The mitigation policies are intended to “establish a net benefit goal or, at a minimum, a no net loss goal for natural resources the agency manages that are important, scarce, or sensitive, or wherever doing so is consistent with agency mission and established natural resource objectives.”
This policy essentially applies to all natural resources what the Clean Water Act and Executive Order have required of the U.S. Army Corps of Engineers (Corps) with respect to wetland impacts (namely avoidance, minimization and mitigation, with mitigation aiming for no net loss of wetland functions and values). This is an expansive additional set of analyses and mitigation requirements and has the potential to significantly expand these agencies’ permitting obligations and timelines.
Depending on how it is implemented, the policy has the potential to overshadow the procedural environmental review requirement mandated under the National Environmental Policy Act (NEPA) by imposing a substantive environmental action obligation on agencies such as the Bureau of Land Management (BLM), Corps, National Park Service (NPS), and U.S. Forest Service.
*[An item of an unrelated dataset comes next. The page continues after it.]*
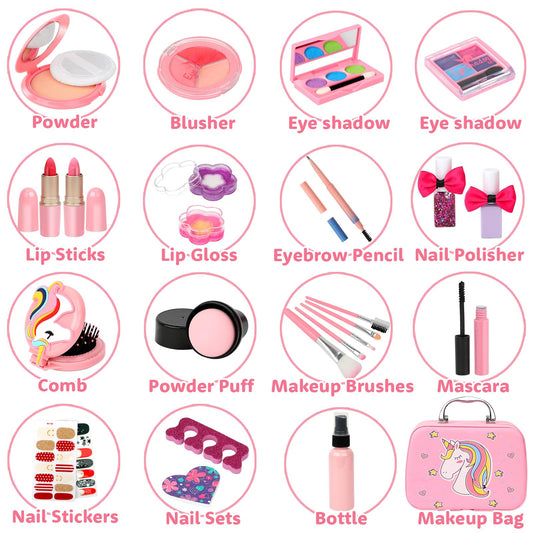 Flybay kids makeup set for girls, washable makeup for children, makeup case for girls, elementary school kids makeup kit, birthdays, Christmas gifts for kids 3, 4, 5, 6, 7, 8, 9, 10 years old.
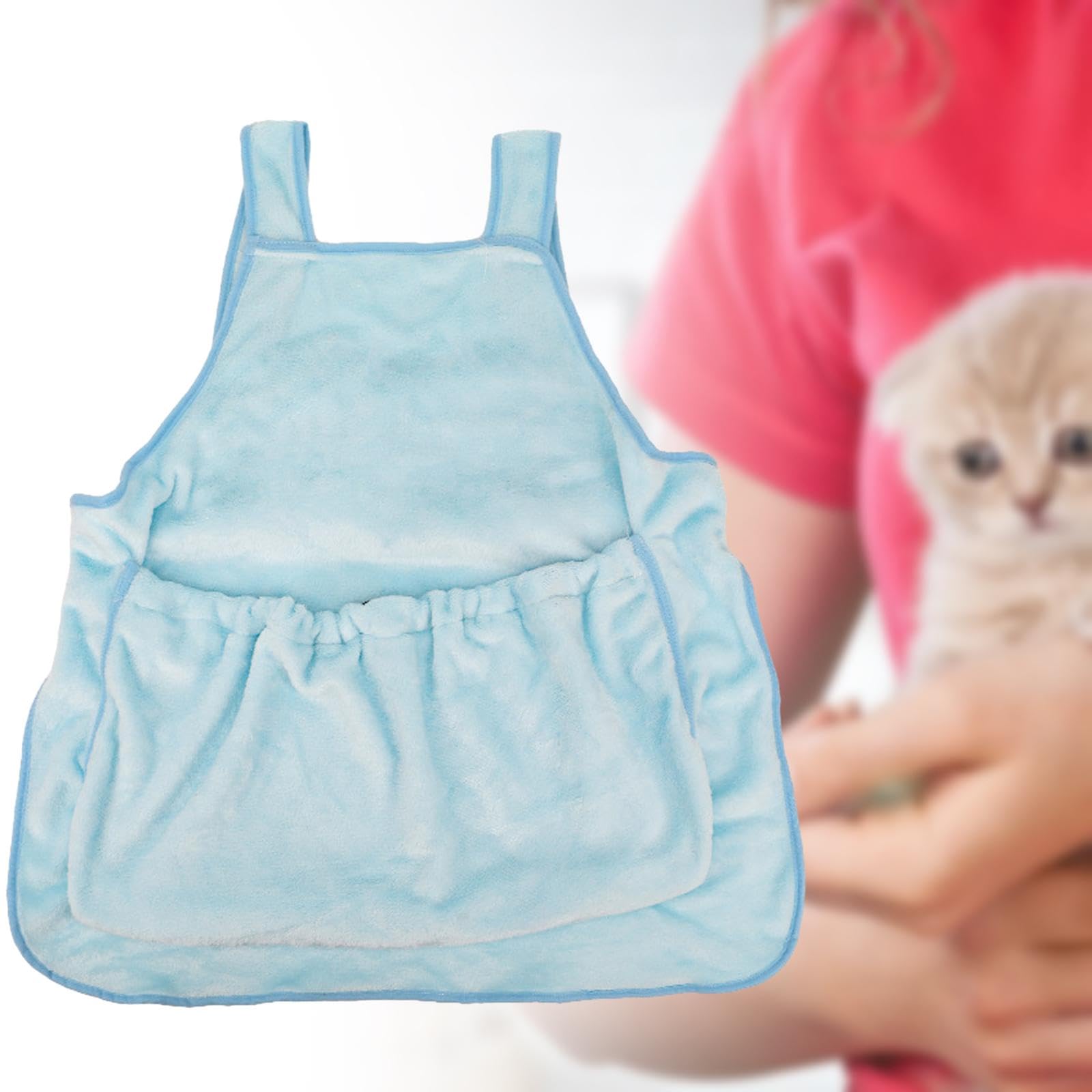 Katzentrage Schürze Tragetasche Haustierbeutel Tragetasche mit Tasche Aus Baumwolle Und Kordelzug für Bequemes Halten Sowie für Katze Hund Tragen Reis, Blau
The Policy requires each agency to adopt specific manual and handbook guidance implementing the avoidance, minimization and mitigation requirements, most within one year, with the Forest Service adopting them within 180 days. It does not appear that public comment will be required for these guidance documents before they are finalized, although the Forest Service will be adopting a rule within two years, which will follow the typical rulemaking process.